Tutorial: Import Jupyter notebooks from GitHub into Azure Cosmos DB for NoSQL (preview)

APPLIES TO: NoSQL

Warning

The Jupyter Notebooks feature of Azure Cosmos DB will be retired March 30, 2024; you will not be able to use built-in Jupyter notebooks from the Azure Cosmos DB account. We recommend using Visual Studio Code's support for Jupyter notebooks or your preferred notebooks client.

This tutorial walks through how to import Jupyter notebooks from a GitHub repository and run them in an Azure Cosmos DB for NoSQL account. After importing the notebooks, you can run, edit them, and persist your changes back to the same GitHub repository.

Prerequisites

Create a copy of a GitHub repository

  1. Navigate to the azure-samples/cosmos-db-nosql-notebooks template repository.

  2. Create a new copy of the template repository in your own GitHub account or organization.

Pull notebooks from GitHub

Instead of creating new notebooks each time you start a workspace, you can import existing notebooks from GitHub. In this section, you'll connect to an existing GitHub repository with sample notebooks.

  1. Navigate to your Azure Cosmos DB account and open the Data Explorer.

  2. Select Connect to GitHub.

    Screenshot of the Data Explorer with the 'Connect to GitHub' option highlighted.

  3. In the Connect to GitHub dialog, select the access option appropriate to your GitHub repository and then select Authorize access.
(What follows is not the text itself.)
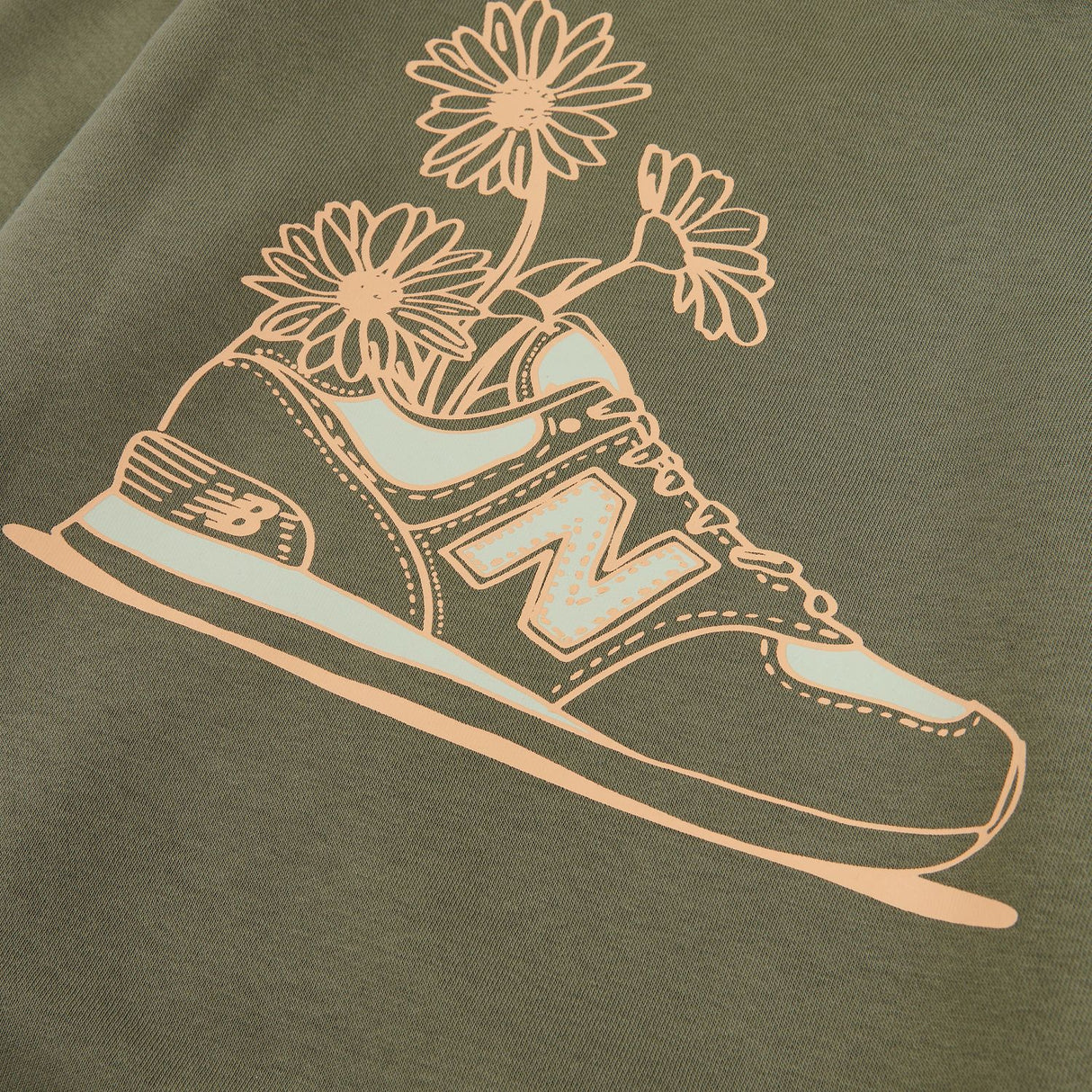 New Balance Girls' Brush Back Floral Sneaker Back Graphic Hoodie-4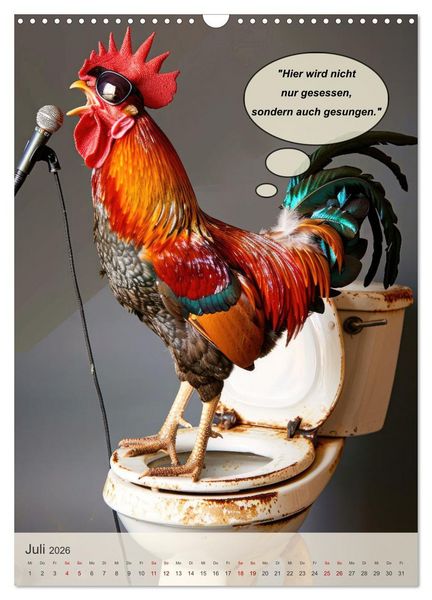 Produktbild: Tierisch lustiger Toilettenhumor (Wandkalender 2026 DIN A3 hoch), CALVENDO Monatskalender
    Screenshot of the 'Connect to GitHub' dialog with options for various levels of access.

  4. Complete the GitHub third-party authorization workflow granting access to the organization[s] required to access your GitHub repository. For more information, see Authorizing GitHub Apps.

  5. In the Manage GitHub settings dialog, select the GitHub repository you created earlier.

    Screenshot of the 'Manage GitHub settings' dialog with a list of unpinned and pinned repositories.

  6. Back in the Data Explorer, locate the new tree of nodes for your pinned repository and open the website-metrics-python.ipynb file.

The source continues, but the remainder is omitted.